My Kinderpack works really well, as does the BH Oh Snap- they can both go low on the hips if you want them to. I will say though that by about 34 weeks it gets a little harder to manage. At 25 weeks though, I have no bump yet and no problem this time.

Some people prefer to use a wrap later on as they can tie a really high carry and eliminate the issue all together.


----------



## GoGoGirl (Oct 13, 2008)

I'm 34 weeks pregnant, and still wearing my 2.5 year old a few times every day. I mostly wear DD on my back--my chiropractor told me to not carry her on my hip at all during pregnancy, and I *can* wear her on my front when she demands it, but it's super uncomfortable because she smooshes my belly down.

I've worn the Boba, a mei tai, and woven wraps during this pregnancy. I didn't like the Boba because even when I wore the waist belt under my belly, it was very uncomfortable for me. The mei tai is working really well...I just tie the waist straps under my belly. I think it's more comfortable for me than having the Boba straps under my belly because the straps are softer and more flexible, plus you can customize the fit much better in a MT than an SSC. I really like wearing my woven wraps, too. I just tie it over my boobs (above my belly) so there isn't any pressure on my belly. It looks like this. I've worn DD for hours at a time in the MT and woven wraps, and it's really almost as comfortable as it was before I got pregnant.

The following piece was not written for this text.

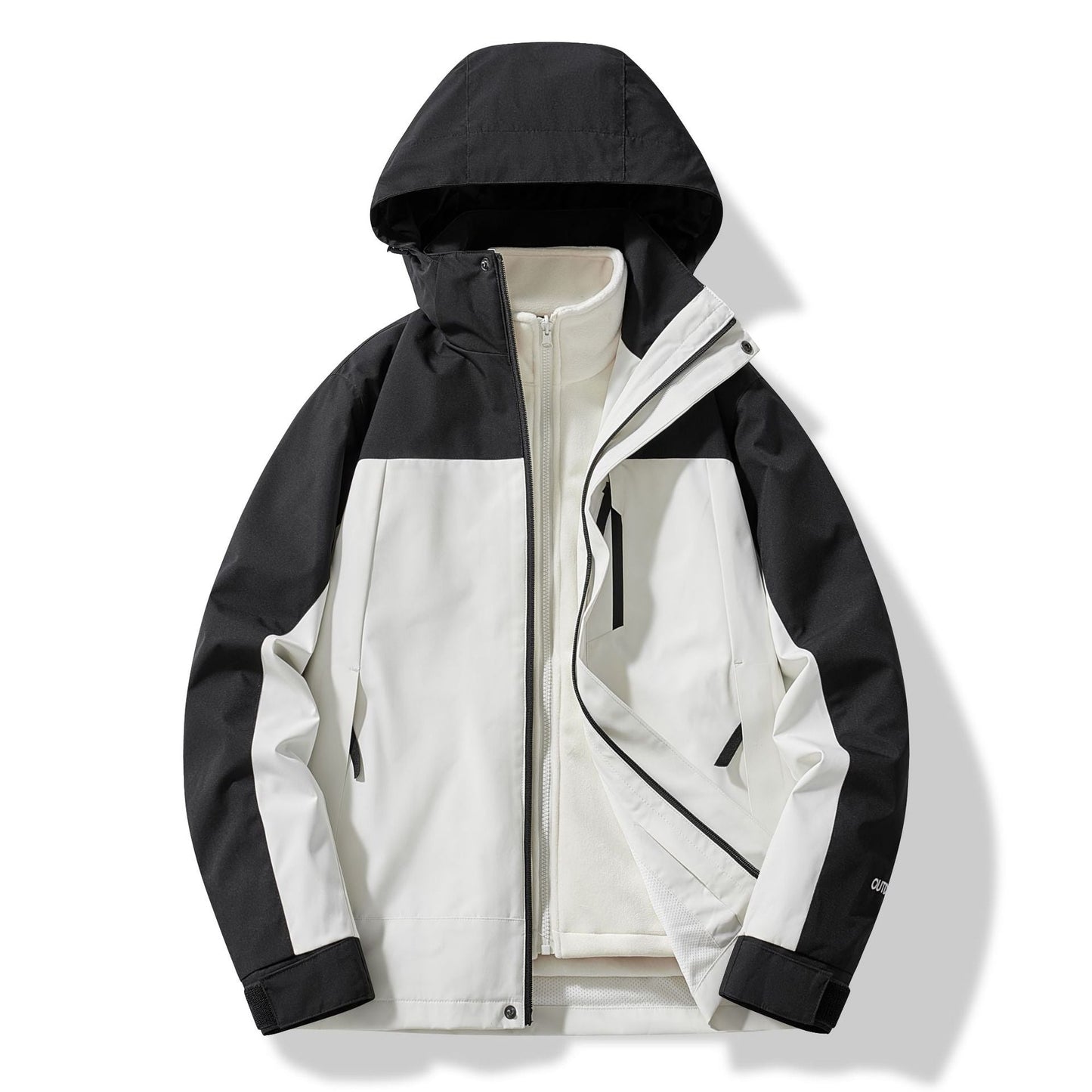 Norvielle Unisex Skijacke Winddicht Wasserdicht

As for your wrap question, are you talking about the Gypsy Mama Bali Breeze (the gauze wrap)? In my opinion, it's really awful with toddlers. I had one when DD was much younger, like maybe 12 months, and even at that age, it was really unsupportive, diggy, and painful. I would HIGHLY recommend a woven wrap over a gauze wrap for toddlers and big kids! The difference in comfort level is incredible!


----------



## quantumleap (Apr 13, 2006)

I wore dd all through my pregnancy with ds, mostly in a mei tei that I tied on top of the belly. I carry my (in utero) babes low, and it was just more comfortable to tie the waist strap above rather than below my belly. I have no wrapping input, really. It was comfortable, but I didn't use it as much as the mei tai. But, you know, pregnancy can be a valid reason to buy a new wrap!


----------



## prothyraia (Feb 12, 2007)

Mei Tai!


----------



## ericaness (Oct 9, 2008)

very quickly into pregnancy i can't stand to have anything snug near my abdomen. i'm 19 weeks now, and i have been carrying DS in a mei tai most of the time for the past several weeks. i tie it right under my bra, so he is up nice and high and can see over my shoulders. i wrap him sometimes too, but we prefer a mei tai in the summer.


----------



## jenn0295 (Dec 2, 2010)

Oh my goodness can you tell me how you wrapped in that picture? I only have a moby and a Bali baby breeze right now but I'd buy a good woven if I could get my almost 18 month old on my back like that! (suggestions for a woven are welcome!). I'm 15 weeks pregnant & haven't tried anything (I have those two, a boba and a ring sling) because it's been so hot and I've been so nauseous, but I'd love to start again and that carry you have in the picture looks amazing!


----------



## GoGoGirl (Oct 13, 2008)

Sure! It's a "double hammock" carry. Usually with a double hammock, you'd spread that chest pass out over your whole torso, like this. But now that I'm pregnant, I only spread it out over my boobs, instead of down to my natural waist. I find it by far the most supportive and comfortable back carry for me, both when I'm pregnant and when I'm not! If you search youtube for "double hammock" or "chunei back carry" (it's less common name) you'll get a bunch of video tutorials. Here's one I made.


----------



## GoGoGirl (Oct 13, 2008)

Oh, and it's safe to try it with your Bali Breeze, but not with your Moby (because back carries aren't safe in stretchy wraps). If you want help choosing a woven just PM me and tell me more about what you're looking for! I love helping new wrappers shop!


----------



## musikmama (Sep 11, 2011)

If you have a MT, you can also gather the waist straps along with the chest straps, and tie them together Tibetan style. That way, nothing to worry about going over or under your belly.


----------